Szanowny Panie, nie ma czegoś takiego jak 'anulowanie' umowy. Umowę zlecenia można jednostronnie rozwiązać (tak zleceniobiorca jak zleceniodawca) co do zasady w każdym czasie w dowolnej formie. Jeśli jednostronne rozwiązanie nie nastąpiło z ważnych powodów to drugiej stronie przysługuje roszczenie o naprawienie szkody, jeśli taka powstała (np. gdy umowę jednostronnie wypowiada zleceniodawca bez ważnego powodu, wówczas zleceniobiorcy przysługuje roszczenie o wynagrodzenie za niewykonaną pracę). Teoretycznie umowę zlecenia można rozwiązać w dowolnej formie (a więc także ustnie), ale jeśli umowa była sporządzona na piśmie to rozwiązanie powinno nastąpić także w tej formie. *** Jeśli były zleceniodawca podejrzewa Pana o kradzież to niech sprawę wraz z dowodami zgłosi się do organów ścigania. On sam nie ma podstawy prawnej do 'potrąceń', o których Pan wspomina. *** Jeśli inspekcja pracy stwierdzi, że zleceniobiorca nie zgłosił do Zakładu Ubezpieczeń Społecznych (ubezpieczenie zdrowotne), iż zleceniobiorca wykonuje dla niego usługi na podstawie umowy zlecenia grozi mu za to kara grzywny do 5000 zł. *** Jeśli jako zleceniobiorca wykonywał Pan usługę należy się Panu od zleceniodawcy wynagrodzenie.*** To, że zleceniobiorca nie ma środków finansowych nie zwalnia go ze zobowiązania. *** W mojej opinii powinien Pan skierować swoje kroki do właściwej dla miejsca zamieszkania Inspekcji Pracy, ze wszelkimi dokumentami dotyczącymi sprawy.
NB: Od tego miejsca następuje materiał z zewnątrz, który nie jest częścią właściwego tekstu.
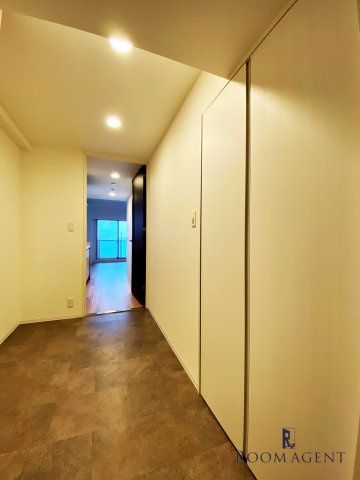 ヒヴィ・カーサ名駅西の玄関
Potem ewentualnie myśleć o dalszych działaniach np. ostateczne przedstądowe wezwanie do zapłaty a w przypadku dalszej zwłoki postępowanie sądowe przed sądem rejonowym (post. nakazowe). Z poważaniem, Marcin, doradca prawny, w razie pytań: timsparv@mailplus.pl

2013.12.9 11:22:6

[cytat]

*** Jeśli inspekcja pracy stwierdzi, że zleceniobiorca nie zgłosił do Zakładu Ubezpieczeń Społecznych (ubezpieczenie zdrowotne)...
[/cytat]

Powinno być: Jeśli inspekcja pracy stwierdzi, że ZLECENIODAWCA nie zgłosił do ZUS (ubezpieczenie zdrowotne)...

2013.12.9 11:25:2

DODAJ POST W TEMACIE

Aby odpowiadać na forum musisz się zalogować!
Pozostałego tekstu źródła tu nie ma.